Neil Marshall sure knows how to get your attention. Mere minutes into The Descent, he’ll have made you jump half out your seat, sent your popcorn cascading ceilingward and left nervous titters bubbling around the theatre. Here’s a man who truly, deeply, horribly knows his horror. Welding a fanboy mentality to a masterful grasp of genre-filmmaking, Marshall goes all-out to disturb, upset and downright terrify his audience for a relentless 100-odd minutes, pausing only occasionally to allow us the odd twitchy laugh or indulge in bit of visual-reference in-jokery (Aliens and Carrie are just two of the more obvious homaged movies).
The Geordie shockmeister first got our attention back in 2002 with his gruey, boisterous squaddies-versus-werewolves debut Dog Soldiers. Scrappy and shoestringy it may have been, but it marked Marshall out as a British talent to keep our beadies on. The Descent represents a logical progression. It’s bigger-budget (or, at least, it looks it), better-looking, far scarier and will, no doubt fling small-fish Marshall into a much bigger pond – one ringed with tinsel.
Much of The Descent’s success is due to the beautiful economy of the concept: six girls, one cave and a whole lotta pain. The subterranean setting is conducive to horror and Marshall grinds every last wince out of it. Even before the screams begin and the bones start snapping, the claustrophobia will get you, with the women elbowing and puffing their way through cheese-press tunnels, their hardhats scraping disconcertingly against stone, the rockdust snaking through the dank, stale air in the torchlight… And once we’re all down in the dark, we’re down there for the rest of the movie. There’s no respite, no moment to sit back and breathe easy.
Thankfully, Marshall’s inventive enough to make this work for, rather than against him. Some scenes are lit by the eerie crimson glow of a flare, others washed in the green of a glowstick, while in a few we can only see through the fuzzy, black-and-white nightsight of a camcorder.

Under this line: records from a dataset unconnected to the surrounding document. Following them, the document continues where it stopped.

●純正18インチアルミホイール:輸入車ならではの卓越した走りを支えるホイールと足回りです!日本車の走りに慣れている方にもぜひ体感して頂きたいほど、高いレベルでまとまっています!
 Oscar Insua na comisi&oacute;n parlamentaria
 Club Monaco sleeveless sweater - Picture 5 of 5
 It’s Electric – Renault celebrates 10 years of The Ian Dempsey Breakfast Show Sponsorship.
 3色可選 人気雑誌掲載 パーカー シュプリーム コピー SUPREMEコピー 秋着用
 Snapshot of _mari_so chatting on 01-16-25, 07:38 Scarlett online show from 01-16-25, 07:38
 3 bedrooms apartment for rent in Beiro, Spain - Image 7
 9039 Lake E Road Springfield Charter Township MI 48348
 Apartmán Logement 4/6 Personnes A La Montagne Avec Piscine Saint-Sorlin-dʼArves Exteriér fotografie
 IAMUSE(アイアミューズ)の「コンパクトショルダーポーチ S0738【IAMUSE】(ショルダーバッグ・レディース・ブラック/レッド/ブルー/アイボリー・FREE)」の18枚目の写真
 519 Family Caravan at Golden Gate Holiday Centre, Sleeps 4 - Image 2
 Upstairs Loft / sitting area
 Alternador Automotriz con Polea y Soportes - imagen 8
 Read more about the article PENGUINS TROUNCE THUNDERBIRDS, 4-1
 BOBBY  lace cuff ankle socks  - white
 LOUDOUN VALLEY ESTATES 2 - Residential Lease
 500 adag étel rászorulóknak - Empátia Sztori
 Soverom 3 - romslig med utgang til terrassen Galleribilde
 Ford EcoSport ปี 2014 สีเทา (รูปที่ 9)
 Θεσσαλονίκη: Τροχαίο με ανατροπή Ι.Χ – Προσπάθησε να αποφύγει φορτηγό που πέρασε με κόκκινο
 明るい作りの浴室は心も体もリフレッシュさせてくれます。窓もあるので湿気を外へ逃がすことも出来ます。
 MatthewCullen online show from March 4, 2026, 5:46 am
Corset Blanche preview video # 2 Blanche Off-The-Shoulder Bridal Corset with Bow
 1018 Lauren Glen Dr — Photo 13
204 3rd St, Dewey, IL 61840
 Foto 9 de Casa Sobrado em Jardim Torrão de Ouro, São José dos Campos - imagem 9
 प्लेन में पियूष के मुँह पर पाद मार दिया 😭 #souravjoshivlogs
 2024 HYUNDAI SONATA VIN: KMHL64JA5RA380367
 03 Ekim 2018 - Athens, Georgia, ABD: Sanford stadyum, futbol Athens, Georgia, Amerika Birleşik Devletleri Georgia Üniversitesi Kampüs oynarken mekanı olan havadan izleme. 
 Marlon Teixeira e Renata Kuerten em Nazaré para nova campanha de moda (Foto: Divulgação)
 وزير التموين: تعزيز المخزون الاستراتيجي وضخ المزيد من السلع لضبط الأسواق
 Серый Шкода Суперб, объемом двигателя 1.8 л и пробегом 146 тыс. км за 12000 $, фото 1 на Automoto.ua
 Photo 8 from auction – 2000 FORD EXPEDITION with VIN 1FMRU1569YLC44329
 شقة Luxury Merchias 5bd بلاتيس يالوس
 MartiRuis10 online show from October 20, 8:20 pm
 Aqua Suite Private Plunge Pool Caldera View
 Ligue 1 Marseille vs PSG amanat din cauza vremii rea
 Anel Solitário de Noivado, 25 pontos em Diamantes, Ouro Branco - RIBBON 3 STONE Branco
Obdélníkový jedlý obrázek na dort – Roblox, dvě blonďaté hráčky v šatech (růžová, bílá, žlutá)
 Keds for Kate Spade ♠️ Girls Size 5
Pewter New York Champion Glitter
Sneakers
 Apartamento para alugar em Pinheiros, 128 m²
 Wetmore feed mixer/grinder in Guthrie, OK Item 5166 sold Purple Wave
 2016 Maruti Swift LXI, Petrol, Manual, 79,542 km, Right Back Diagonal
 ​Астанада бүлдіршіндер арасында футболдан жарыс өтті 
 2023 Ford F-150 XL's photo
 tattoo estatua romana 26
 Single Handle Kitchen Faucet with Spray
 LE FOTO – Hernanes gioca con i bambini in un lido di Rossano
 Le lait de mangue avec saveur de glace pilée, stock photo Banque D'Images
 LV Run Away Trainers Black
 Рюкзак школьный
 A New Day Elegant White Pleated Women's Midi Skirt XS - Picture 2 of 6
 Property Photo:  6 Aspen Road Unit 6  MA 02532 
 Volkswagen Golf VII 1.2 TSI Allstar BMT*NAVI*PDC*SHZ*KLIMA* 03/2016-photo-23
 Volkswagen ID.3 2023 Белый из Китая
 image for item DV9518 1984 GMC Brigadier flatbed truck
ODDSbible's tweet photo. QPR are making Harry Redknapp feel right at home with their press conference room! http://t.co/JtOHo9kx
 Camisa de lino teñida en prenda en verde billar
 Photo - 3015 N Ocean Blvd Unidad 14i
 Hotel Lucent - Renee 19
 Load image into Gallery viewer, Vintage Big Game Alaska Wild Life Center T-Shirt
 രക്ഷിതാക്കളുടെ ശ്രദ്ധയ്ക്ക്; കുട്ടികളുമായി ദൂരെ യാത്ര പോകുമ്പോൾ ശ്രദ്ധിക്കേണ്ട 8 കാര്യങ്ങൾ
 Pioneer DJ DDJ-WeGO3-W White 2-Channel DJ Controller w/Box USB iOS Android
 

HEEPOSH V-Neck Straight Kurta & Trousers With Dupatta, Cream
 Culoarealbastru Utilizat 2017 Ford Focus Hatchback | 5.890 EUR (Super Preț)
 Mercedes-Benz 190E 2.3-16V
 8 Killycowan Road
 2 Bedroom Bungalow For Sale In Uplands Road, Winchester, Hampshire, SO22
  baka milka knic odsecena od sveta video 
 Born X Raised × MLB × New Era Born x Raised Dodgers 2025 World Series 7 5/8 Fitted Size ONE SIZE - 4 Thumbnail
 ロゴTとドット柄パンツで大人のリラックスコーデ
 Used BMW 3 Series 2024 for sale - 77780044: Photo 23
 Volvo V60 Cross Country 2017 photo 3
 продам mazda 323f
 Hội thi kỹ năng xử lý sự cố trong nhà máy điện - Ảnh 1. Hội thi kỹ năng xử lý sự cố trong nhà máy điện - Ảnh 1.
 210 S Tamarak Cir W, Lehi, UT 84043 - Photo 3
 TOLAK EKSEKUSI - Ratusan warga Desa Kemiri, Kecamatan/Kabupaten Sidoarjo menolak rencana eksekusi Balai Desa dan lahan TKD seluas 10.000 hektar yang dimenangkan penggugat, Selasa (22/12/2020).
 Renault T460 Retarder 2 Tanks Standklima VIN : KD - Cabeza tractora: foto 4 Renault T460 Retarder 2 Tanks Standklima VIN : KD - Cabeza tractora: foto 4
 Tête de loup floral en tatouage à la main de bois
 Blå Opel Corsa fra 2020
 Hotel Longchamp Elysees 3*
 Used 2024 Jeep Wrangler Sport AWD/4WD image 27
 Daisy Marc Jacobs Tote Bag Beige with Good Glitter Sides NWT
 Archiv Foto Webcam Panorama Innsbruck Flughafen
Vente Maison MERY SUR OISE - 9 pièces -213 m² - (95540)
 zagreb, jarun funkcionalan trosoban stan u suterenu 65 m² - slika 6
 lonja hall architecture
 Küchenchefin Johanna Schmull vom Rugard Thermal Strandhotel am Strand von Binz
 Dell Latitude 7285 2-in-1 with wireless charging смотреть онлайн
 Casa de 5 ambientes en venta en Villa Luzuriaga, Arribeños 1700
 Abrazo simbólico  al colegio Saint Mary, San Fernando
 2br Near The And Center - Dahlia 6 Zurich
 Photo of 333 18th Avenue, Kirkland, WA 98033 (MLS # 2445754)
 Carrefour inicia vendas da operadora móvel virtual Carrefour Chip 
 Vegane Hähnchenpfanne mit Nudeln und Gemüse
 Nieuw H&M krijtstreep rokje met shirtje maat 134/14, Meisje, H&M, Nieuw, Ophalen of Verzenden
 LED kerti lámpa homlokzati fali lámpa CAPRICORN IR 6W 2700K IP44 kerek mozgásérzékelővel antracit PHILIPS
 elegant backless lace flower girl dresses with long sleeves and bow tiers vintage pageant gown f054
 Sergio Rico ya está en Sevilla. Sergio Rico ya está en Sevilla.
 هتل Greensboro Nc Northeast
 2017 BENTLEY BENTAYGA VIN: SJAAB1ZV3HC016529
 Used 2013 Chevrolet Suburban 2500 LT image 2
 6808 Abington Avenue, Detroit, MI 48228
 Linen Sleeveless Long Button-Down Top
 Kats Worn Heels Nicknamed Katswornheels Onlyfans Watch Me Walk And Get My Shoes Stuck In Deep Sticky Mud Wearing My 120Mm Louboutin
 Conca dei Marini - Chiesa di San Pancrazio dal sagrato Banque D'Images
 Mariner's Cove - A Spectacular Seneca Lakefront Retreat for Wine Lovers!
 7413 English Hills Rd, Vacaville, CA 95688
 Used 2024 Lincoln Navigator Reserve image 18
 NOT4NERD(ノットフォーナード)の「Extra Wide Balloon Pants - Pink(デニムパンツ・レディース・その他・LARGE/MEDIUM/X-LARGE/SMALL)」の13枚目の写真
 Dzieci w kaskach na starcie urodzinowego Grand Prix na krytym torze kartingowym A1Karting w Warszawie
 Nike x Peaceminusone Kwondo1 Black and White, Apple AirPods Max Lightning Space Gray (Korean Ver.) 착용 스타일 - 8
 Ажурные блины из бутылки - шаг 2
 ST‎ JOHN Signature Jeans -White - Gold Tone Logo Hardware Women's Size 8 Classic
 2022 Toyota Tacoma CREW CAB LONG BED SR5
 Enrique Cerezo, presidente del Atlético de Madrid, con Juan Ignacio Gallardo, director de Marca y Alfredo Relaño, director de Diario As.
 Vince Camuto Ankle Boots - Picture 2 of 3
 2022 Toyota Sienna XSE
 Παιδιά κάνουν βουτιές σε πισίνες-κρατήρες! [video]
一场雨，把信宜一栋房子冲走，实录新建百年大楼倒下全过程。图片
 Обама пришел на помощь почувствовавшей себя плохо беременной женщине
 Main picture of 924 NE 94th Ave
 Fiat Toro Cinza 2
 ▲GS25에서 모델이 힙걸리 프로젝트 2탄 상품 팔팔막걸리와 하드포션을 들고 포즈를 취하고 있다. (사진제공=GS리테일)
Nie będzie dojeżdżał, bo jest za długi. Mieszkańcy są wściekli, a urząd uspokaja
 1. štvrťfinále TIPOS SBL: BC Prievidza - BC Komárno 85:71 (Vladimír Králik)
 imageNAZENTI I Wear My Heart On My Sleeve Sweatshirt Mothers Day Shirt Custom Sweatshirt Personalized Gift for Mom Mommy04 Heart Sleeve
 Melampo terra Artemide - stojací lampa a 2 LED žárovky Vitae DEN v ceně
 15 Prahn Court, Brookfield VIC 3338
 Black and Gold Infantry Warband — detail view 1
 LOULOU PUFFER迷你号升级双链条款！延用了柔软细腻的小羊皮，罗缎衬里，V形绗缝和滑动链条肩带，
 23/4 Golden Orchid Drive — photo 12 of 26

And when there’s no light at all, he lets his creepy sound-design do all the dirty work.
Naturally there’s far more to this than the vacation-gone-wrong set-up. For a start, there’s the strained character dynamics, played out effectively by the cast as Sarah’s (Macdonald) mental state becomes worryingly fragile, while Juno’s (Mendoza) ballsiness soon teeters into recklessness. Then, even worse there’s… Well, it’s probably best we don’t go there. The less you know, the more you’ll enjoy. If, of course, being scared shitless is what you consider enjoyable.